Maintenant, j'arrive au plat, je dirais, principal peut-être mais au niveau... le côté négatif. Bien, vous comprendrez que le gouvernement fédéral maintient son volet au niveau de la péréquation. Pour nous, je veux corriger des chiffres qui sont véhiculés parce que, moi, je me base sur des vrais chiffres, les chiffres de mon budget de mars dernier. Pour 2009-2010, je le répète, basé sur les chiffres du budget de mars dernier, donc, pour 2009-2010, c'est un écart de 75 millions de dollars.
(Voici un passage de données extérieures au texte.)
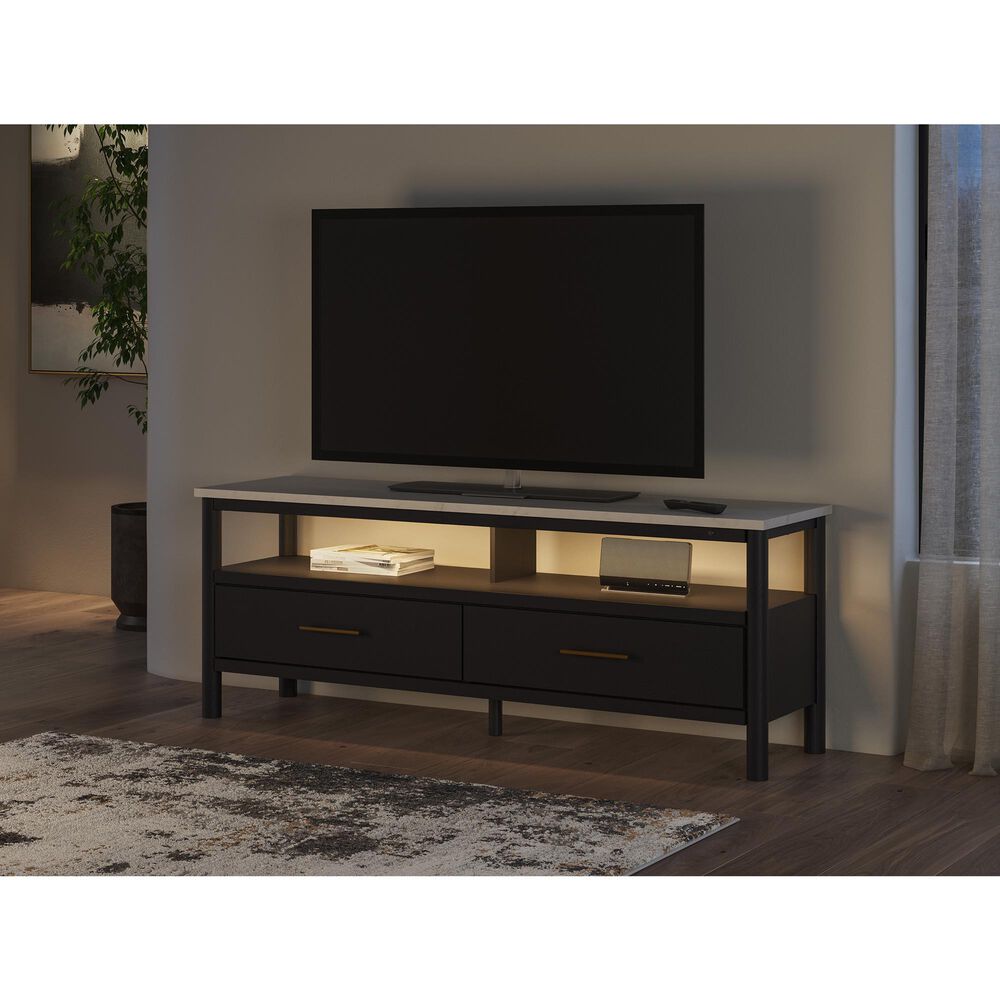 Ashley Cadmori 71" Extra Large TV Stand in Black and White, , large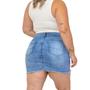 Imagem de Saia Jeans Plus Size Barra Desfiada - Clara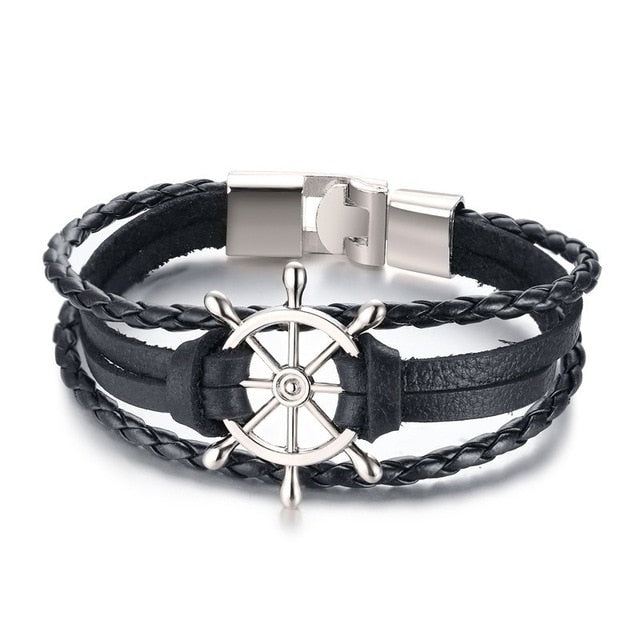Infinity Bracelet - Genuine Leather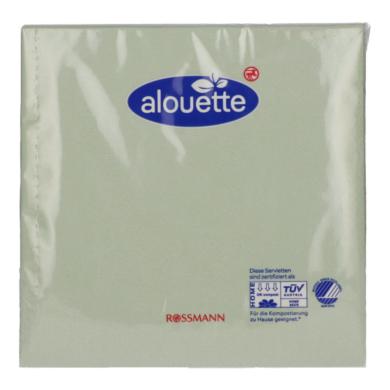Alouette szalvéta /mentazöld 33x33 cm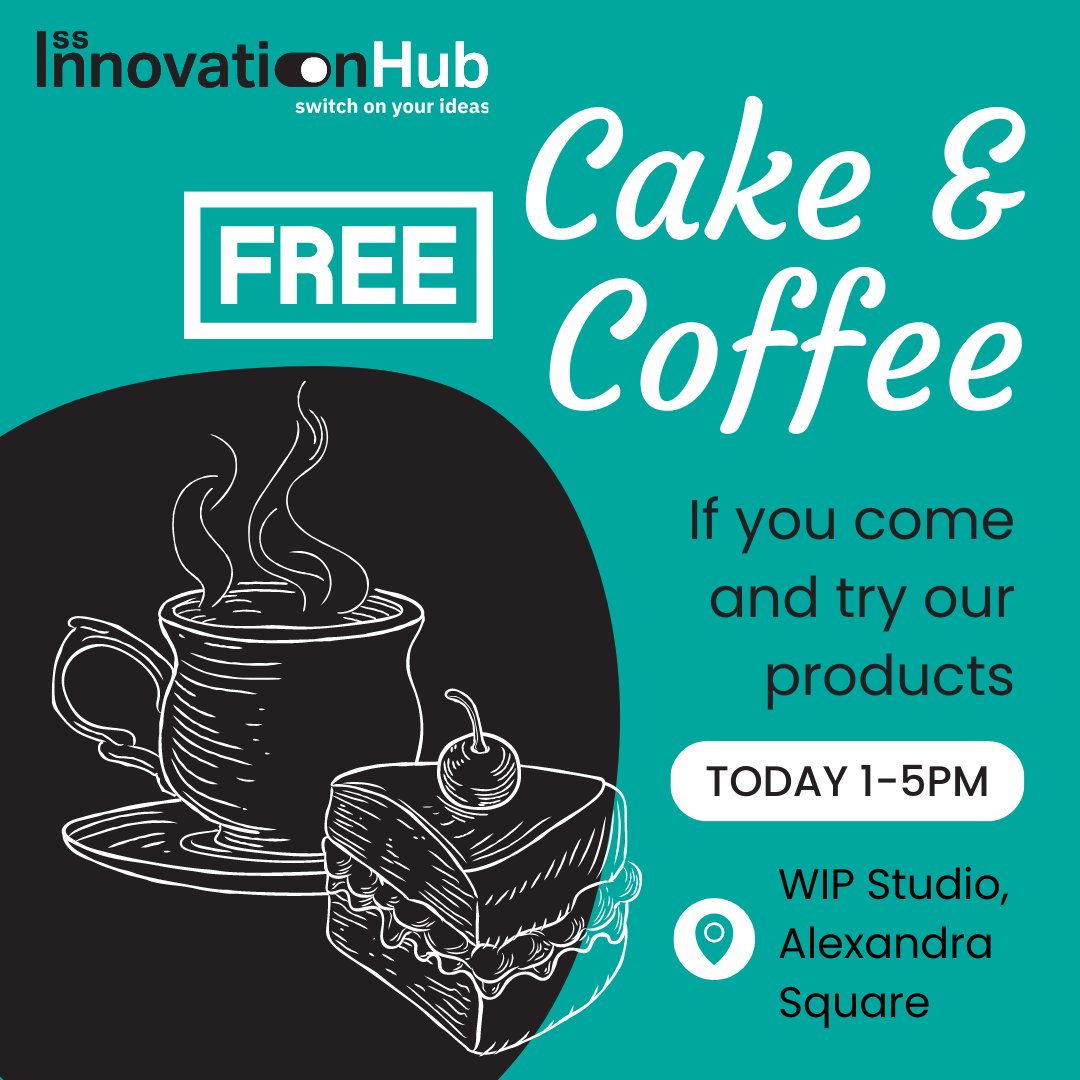 Free cake and coffee!!! 🍰☕

Join us at Lancaster University's WIP room. For our Innovate@lancaster: Unveiling the future drop-in tech event to explore our digitally innovative products. 

#freecake #freecoffee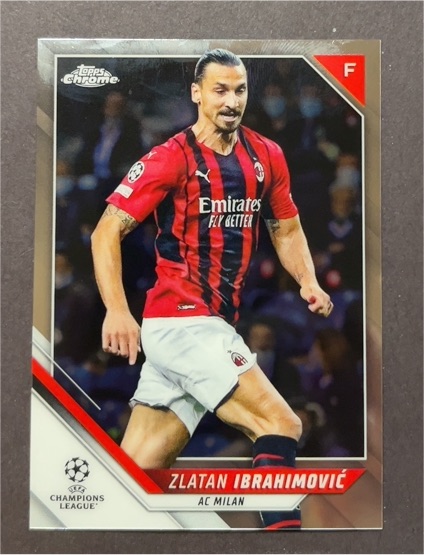 2021-22 Topps Chrome UEFA Champions League #116 Zlatan Ibrahimovic — front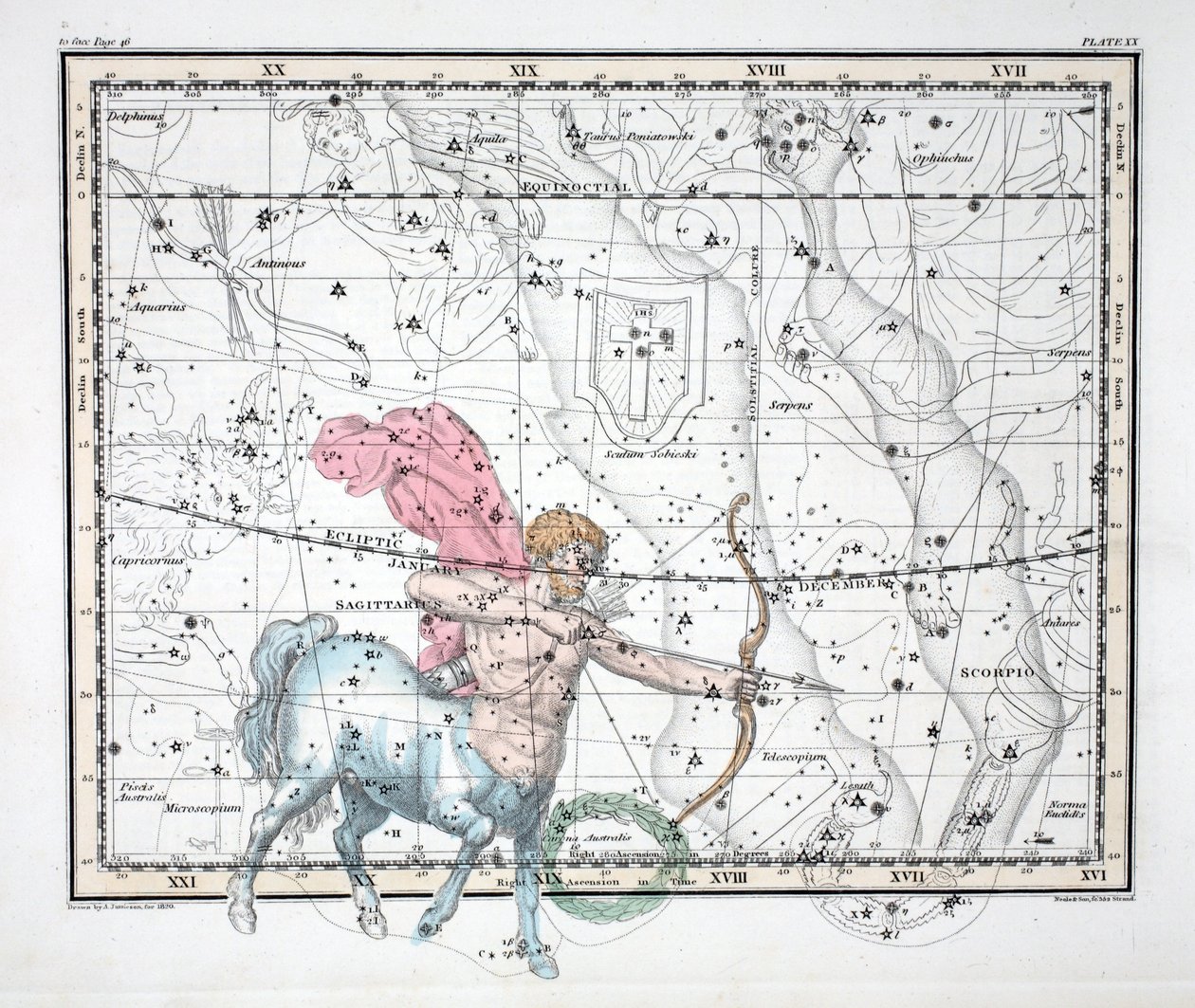 Les Constellations (Planche XX) Sagittaire, de 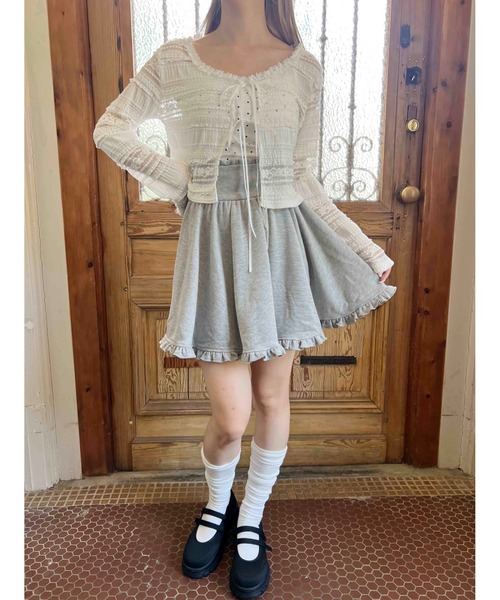 ガーリーレースカーディガン（カーディガン/ボレロ）｜PHILLY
Le plus troublant, c'est l'année suivante, c'est un écart de 695 millions de dollars pour 2010-2011. C'est donc des sommes importantes, et c'est un volet qui nous préoccupe, mais c'est surtout que nous estimons que, ce gouvernement qui s'est plaint à maintes reprises de ce que son prédécesseur avait fait en changeant de façon unilatérale la formule de péréquation, je pense que, là, on a un geste qui est, je dirais, très autoritaire, et de changer la formule comme ça sans, dans le fond, presque nous prévenir, je pense que c'est une démarche inacceptable. Même le rapport Hawken en parle à plusieurs reprises dans son rapport que la péréquation, si elle est pour être modifiée, devrait être justement négociée et il devrait y avoir une approche beaucoup plus de collaboration.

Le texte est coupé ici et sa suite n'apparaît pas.